In renderings of anti-Semitism, Joyce is a pivotal figure in European literature and culture. Ulysses is a strategically conceived indictment of anti-Semitism that did much at a crucial time to make anti-Semitism unacceptable, and to render the opinions of anti-Semites on non-Jewish issues inherently suspect and at odds with the modern. It could be said that in this aspect Joyce maximised what could be achieved politically by a novel. In Ulysses, at the same moment at which he fixes anti-Semitism as a pernicious political and intellectual evil, he recognises that not every anti-Semitic comment establishes that its maker is to be considered an anti-Semite, and perhaps that there are gradations as well as types of anti-Semitism. These, of course, are propositions that could now, in the rigid identitarian usages of the twenty-first century, in which any manifestation of prejudice is equated with an anti-‘ism’, be considered highly objectionable.
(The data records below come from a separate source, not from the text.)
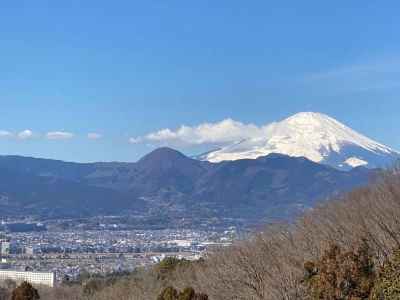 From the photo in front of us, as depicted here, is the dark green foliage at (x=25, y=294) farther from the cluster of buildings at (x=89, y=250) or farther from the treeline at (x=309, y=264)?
the cluster of buildings at (x=89, y=250)

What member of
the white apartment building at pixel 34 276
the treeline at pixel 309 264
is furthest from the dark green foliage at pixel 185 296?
the white apartment building at pixel 34 276

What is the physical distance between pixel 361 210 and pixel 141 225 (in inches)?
A: 5436

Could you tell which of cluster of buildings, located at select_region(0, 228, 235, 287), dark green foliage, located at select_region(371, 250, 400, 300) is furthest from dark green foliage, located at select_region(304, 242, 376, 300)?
cluster of buildings, located at select_region(0, 228, 235, 287)

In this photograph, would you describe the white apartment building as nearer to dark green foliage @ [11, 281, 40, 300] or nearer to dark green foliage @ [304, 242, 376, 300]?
dark green foliage @ [11, 281, 40, 300]

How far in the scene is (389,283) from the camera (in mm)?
15828

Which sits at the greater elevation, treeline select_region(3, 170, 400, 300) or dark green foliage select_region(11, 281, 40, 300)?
treeline select_region(3, 170, 400, 300)

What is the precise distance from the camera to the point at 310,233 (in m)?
35.2

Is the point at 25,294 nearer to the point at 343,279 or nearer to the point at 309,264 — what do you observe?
the point at 309,264

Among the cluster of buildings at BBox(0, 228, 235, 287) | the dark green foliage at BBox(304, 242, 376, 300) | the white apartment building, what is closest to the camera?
the dark green foliage at BBox(304, 242, 376, 300)

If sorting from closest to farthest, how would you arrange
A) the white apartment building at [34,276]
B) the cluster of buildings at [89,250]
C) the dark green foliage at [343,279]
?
the dark green foliage at [343,279] < the white apartment building at [34,276] < the cluster of buildings at [89,250]

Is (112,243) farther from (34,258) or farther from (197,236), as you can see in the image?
(34,258)

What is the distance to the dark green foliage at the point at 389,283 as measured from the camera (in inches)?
609

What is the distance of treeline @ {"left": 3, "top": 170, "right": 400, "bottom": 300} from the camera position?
20531 mm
But identitarian categorisations, insofar as they may be valid—and it is hard to forget that Joyce has always managed to outlive ideological and quasi-ideological fashions—cannot usefully be applied to Joyce’s writings, even in their relation to anti-Semitism. It is not simply that they are anachronistic, that Joyce, for all his modernism, is a child of the nineteenth century and its (not universally) less constrained protocols of discourse, but he is a writer, a weigher of words and of what prompts their expression, and of the people by whom and of the settings in which they are uttered.
There is an ambivalence in the Citizen as a figure of anti-Semitism. He is a developed character of some complexity with a genuine if splenetic sense of humour that is not always thuggishly applied, rather than a flat archetype of anti-Semitism.62 His anti-Semitism is an aspect of a larger xenophobic racism. He is a thoroughly, it might be said extravagantly, bigoted Irish nationalist. The Citizen certainly does not like Jews, but his antipathy to Bloom is a corollary of his blind nationalism rather than the expression of a free-standing anti-Semitism. His race hatred is securely fixed on the English; the Jews are marginal to the binarism that characterises the politics of the Citizen. That does not render the Citizen not an anti-Semite, but it is relevant to characterising his anti-Semitism. It could hardly be said that the political worldview of the Citizen was significantly informed by a prejudice against Jews: he is not that type of anti-Semite. It is more that his anti-Semitism is a marker of the fallacy of his rabidly anti-modern Irish nationalism. Bloom has interposed what is to the Citizen his extremely irritating presence in the Citizen’s obsessional quarrel with the English. When Bloom defies him, which is to say when he refuses to efface himself, the Citizen explodes.